## Final Exam: Introduction to Artificial Intelligence: Solutions

Problem 1 (20 points)
Explain briefly (2 or 3 sentences each) the difference between:
A. Depth-first search and iterative deepening search.
B. State space search and game tree evaluation.
C. Top-down parsing and bottom-up parsing.
D. A perceptron and a feed-forward, back-propagation neural network.

Answer:
A. Iterative deepening involves carrying out a series of depth-first searches to successively increasing depths.
B. Both a state space and a game tree consist of states connected by operators. However, in a state space, all operators are actions of the problem solver, while in a game tree, operators alternate between actions of the player and actions of the adversary. Therefore, in state space search it suffices to find a goal state (or a path to a goal state), while in game-tree evaluation, one must show that there is an action of the player such that for any action of the adversary there is an action of the player ... ending in a win for the player.
C. In top-down parsing, the parser builds the tree from the root "S" down towards the leaves. In bottom-up parsing, the parser builds the tree from the words (leaves) up toward the root.
D. A neural network consists of a collection of perceptrons organized in layers, so that the output of one layer is the input to the next layer. The perceptrons are modified so that the output is a continuous function of the inputs, rather than being a step function. The learning algorithm is similar in principle to the perceptron learning algorithm, but involves a system of message passing from the output layer backwards to the input layer.

Problem 2 (15 points)
Consider the sentence "Hammers are for driving nails into surfaces." Name two words in this sentence that are lexically ambiguous. (There are at least four.) For each of these two words, describe a disambiguation technique which will choose the right interpretation over at least one of the wrong interpretations. Be specific.

Answer:

• A. The preposition "for" has many different meanings. Even in the phrase "are for" it can mean:
• i. "are used for" as above.
• ii. "favors" as in "Cheney is for burning more fossil fuel and against conserving resources." This can be ruled out by selectional restrictions: this meaning requires an animate subject, unlike "hammers".
• iii. "are intended to be given to" as in "The presents are for the baby." This can be ruled out by selectional restrictions: it requires an animate object, unlike "driving".
• B. "driving" can mean:
• i. forcing an object to move against resistance, as above.
• ii. driving a car (by far the most frequent meaning).
• iii. impelling a person to undesired behaviors (as in "driving me crazy", "driving me to drink")
• quite a few other specialized meanings (iv. "driving" in golf, v. "driving cattle", etc.)
However, most of these can be ruled out by selectional restrictions on the object. E.g. (ii) requires a car as object; (iii) and (v) require animate objects, etc.
• C. "nails" can be either the tool or fingernails. However, frequency in the context of "hammer" gives a preference for the tool.
• D. "into" can mean
• i. motion into the interior of a region, as in "He drove the nail into the board".
• ii. motion through a boundary into the interior of another region, as above.
• iii. "in the direction of" as in "He looked into the sun".
• iv. "against" as in "He ran into a brick wall".
Here, I think, one has to rely on world knowledge that a hammer is used to drive a nail through the surface of an object into its interior.

Problem 3 (10 points)
In this problem and in problems 4 and 5, we consider a data set with three Boolean predictive attributes, A,B,C, and a Boolean classification, Z.

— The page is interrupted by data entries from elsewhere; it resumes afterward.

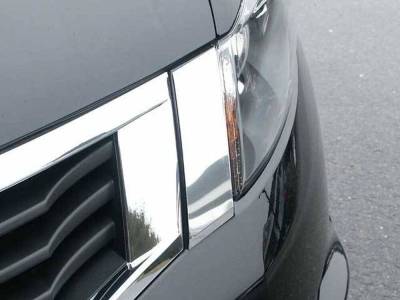 Quality Automotive Accessories - Quality Automotive SG28281 Grille Accent Kit 08-12 Honda Accord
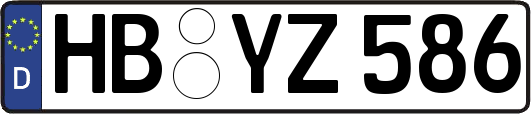 HB-YZ586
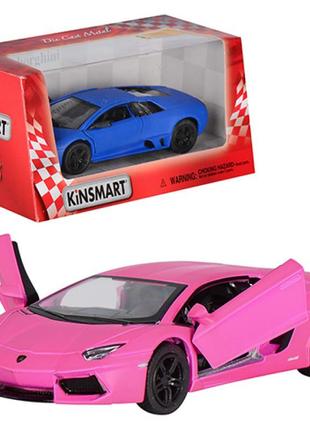 Металева машинка kinsmart kt5370w "lamborghini murcielago"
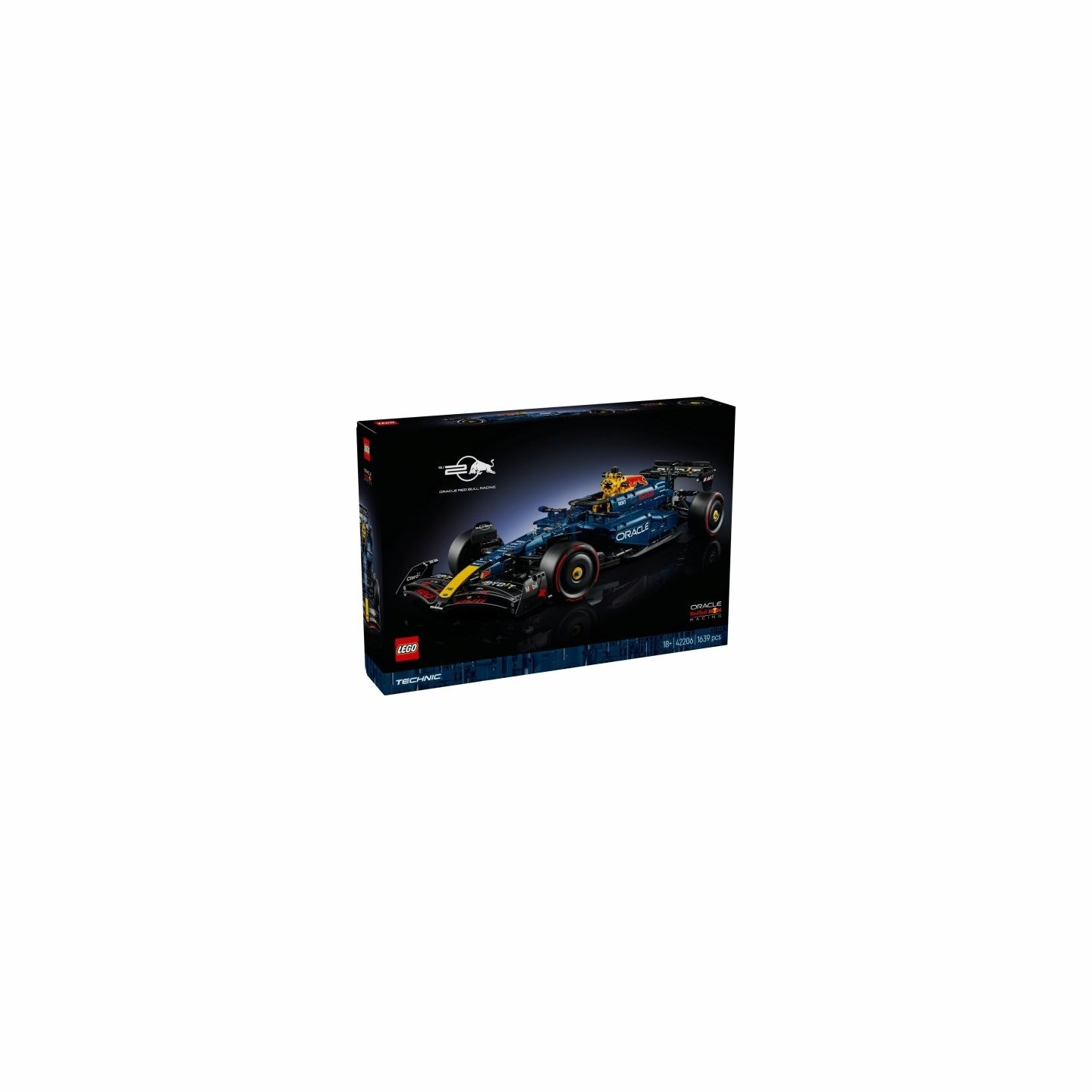 Lego Bricks Technic 42206 Oracle Red Bull Racing R B20 Car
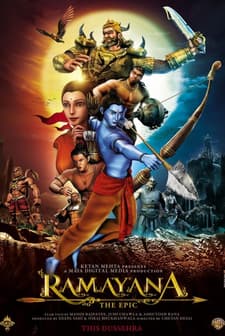 Ramayana The Epic afişi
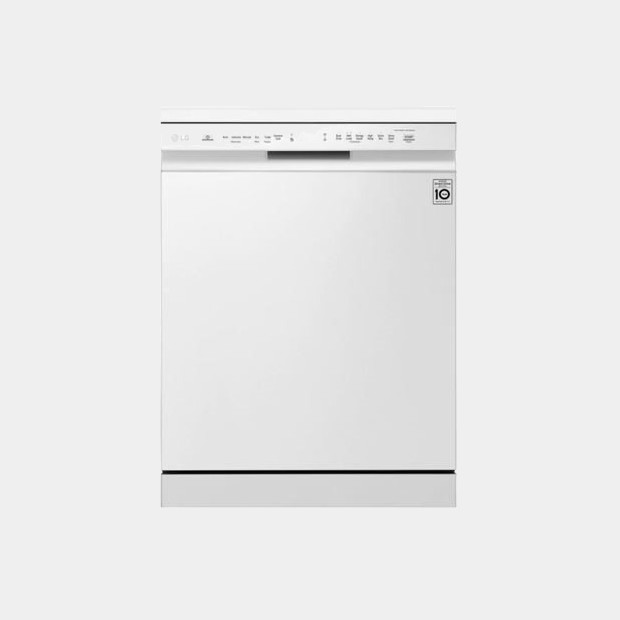 LG DF222FW Lavavajillas blanco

A. Suppose that your data is completely characterized by the following rules:

• 1. If X.A = T and X.C = F then X.Z = T.
• 2. If X.B = F and X.C = T then X.Z = T.
• 3. Otherwise, X.Z=F.
Construct a decision tree whose predictions correspond to these rules.

B. True or false: Given any consistent set of rules like those above, it is possible to construct a decision tree that executes that set of rules. By "consistent", I mean that there are no examples where two different rules give different answers.

Answer: True. At the worst, one can use the complete decision tree, where all tests on all attributes are made, and so each different instance is represented by one leaf.

Problem 4 (5 points)
Which of the following expresses the independence assumption that is used in deriving the formula for Naive Bayesian learning, for the classification problem in problem 3.

• a. Prob(Z|A,B,C) = Prob(Z|A) * Prob(Z|B) * Prob(Z|C)
• b. Prob(Z|A,B,C) = Prob(A,B,C | Z) * Prob(Z) / Prob(A,B,C)
• c. Prob(A,B,C|Z) = Prob(A|Z) * Prob(B|Z) * Prob(C|Z)
• d. Prob(A,B,C) = Prob(A) * Prob(B) * Prob(C)
• e. Prob(Z|A,B,C) = Prob(Z|A) * Prob(A|B) * Prob(B|C).
• f. Prob(A,B,C|Z) = Prob(A|Z) * Prob(B|A) * Prob(C|B).

Answer: c. (b) is Bayes' Law, which is used, but is not an independence assumption. (d) and (f) are independence assumptions, but not the ones we need. (a) and (e) are junk.

Problem 5 (10 points)
Consider the following data set T. A and B are numerical attributes and Z is a Boolean classification.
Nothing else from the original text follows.